Vivendi bested a group of other bidders that reportedly included Warner Music Group, Viacom and EMI Group.
Vivendi’s Universal Music Group was thought to have the nod from the beginning, since its smaller music publishing arm was likely to face fewer regulatory constraints than EMI or Warner.
BMG Music Publishing owns the rights to more than 1 million songs by recording artists including
Universal Chairman and CEO Doug Morris said the acquisition would diversify the company’s portfolio into “key areas,” such as classical and Christian music.
“The acquisition of BMG Music Publishing is a unique opportunity to grow our music publishing business and enhance the value of Universal Music Group at a time when the music market is improving, supported by technological innovations and digital sales,” Vivendi CEO Jean Bernard Levy said in a statement.
The deal raised eyebrows among some analysts, who questioned Vivendi’s strategic rationale and said the company paid too much.
Standard & Poor’s said, however, that it was maintaining its credit ratings for Vivendi and noted that music publishing “is a profitable and fairly stable business.”
“The transaction will slightly strengthen Vivendi’s overall business risk profile and support fully owned media operations,” said S&P credit analyst Patrice Cochelin.
Bertelsmann AG said the transaction has been approved by the supervisory boards of both companies and expects to close the deal by year-end.
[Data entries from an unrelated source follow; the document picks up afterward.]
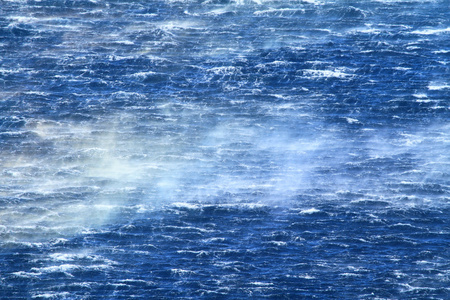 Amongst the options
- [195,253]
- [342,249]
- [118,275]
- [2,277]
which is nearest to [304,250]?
[342,249]

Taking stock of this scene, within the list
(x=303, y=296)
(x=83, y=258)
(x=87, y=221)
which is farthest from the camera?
(x=87, y=221)

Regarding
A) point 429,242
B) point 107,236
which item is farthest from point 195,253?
point 429,242

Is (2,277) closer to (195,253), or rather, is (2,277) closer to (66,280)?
(66,280)

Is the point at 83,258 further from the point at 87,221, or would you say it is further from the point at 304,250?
the point at 304,250

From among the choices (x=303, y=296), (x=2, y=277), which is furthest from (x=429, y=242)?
(x=2, y=277)

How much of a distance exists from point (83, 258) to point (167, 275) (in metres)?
20.1

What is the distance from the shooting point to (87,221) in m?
198

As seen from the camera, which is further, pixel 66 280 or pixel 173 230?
pixel 173 230

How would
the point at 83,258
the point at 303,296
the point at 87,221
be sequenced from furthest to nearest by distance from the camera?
the point at 87,221 → the point at 83,258 → the point at 303,296

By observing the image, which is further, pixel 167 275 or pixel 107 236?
pixel 107 236

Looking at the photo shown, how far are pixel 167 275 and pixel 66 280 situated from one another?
21710 mm

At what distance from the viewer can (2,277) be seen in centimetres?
17825

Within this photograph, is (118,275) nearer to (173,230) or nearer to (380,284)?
(173,230)

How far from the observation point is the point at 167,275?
589 ft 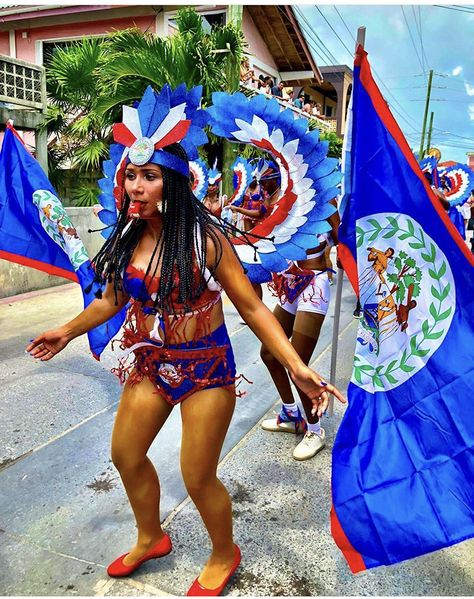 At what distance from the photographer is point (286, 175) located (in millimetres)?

It still must be approved by U.S. and European Union regulators, and analysts warned that they are likely to scrutinize it particularly closely because of the new entity’s size.
BMG Music Publishing’s earnings before interest, taxes, depreciation and amortization totaled euro 81 million ($105 million) on revenue of euro 371 million ($475 million) in 2005.
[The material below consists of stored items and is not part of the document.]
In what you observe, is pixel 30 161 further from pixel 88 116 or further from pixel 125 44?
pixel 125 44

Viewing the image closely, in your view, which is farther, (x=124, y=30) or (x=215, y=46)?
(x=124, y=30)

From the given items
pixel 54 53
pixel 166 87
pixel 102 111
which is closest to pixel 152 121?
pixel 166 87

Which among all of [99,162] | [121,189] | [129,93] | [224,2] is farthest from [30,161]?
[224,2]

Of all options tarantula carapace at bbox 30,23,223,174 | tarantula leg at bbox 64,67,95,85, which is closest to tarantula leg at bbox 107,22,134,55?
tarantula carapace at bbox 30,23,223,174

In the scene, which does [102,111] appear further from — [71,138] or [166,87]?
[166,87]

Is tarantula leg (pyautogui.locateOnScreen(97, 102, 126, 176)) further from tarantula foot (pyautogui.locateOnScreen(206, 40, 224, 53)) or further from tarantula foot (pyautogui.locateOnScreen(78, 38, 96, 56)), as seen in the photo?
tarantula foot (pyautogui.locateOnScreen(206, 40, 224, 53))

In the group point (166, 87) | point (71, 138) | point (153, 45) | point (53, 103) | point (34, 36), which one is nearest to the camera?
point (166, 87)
Music publishers generate revenue by licensing songs for use in movies, TV shows, CDs, video games, ringtones and other media. The companies also collect performance fees when songs are played on the radio or in public venues such as clubs.
During the second quarter of this year, songs held by BMG Music Publishing accounted for 7.3 percent of the airplay on U.S. radio stations, or fifth overall, according to Nielsen BDS. Universal Music Publishing had a 10.2 percent market share, or fourth behind No. 1 EMI Music Publishing’s 19.8 percent share, during the same period.
Bertelsmann and Universal Music Group also said they had settled copyright litigation over the software application Napster, which originally allowed millions of users around the world to share and swap music files.
The companies said Universal will receive $60 million, which includes reimbursement of legal fees and expenses, and covers the resolution of the legal claims of Universal’s recorded music and music publishing businesses as well as those of BMG Music Publishing.
Bertelsmann, which had invested in Napster, admitted no liability.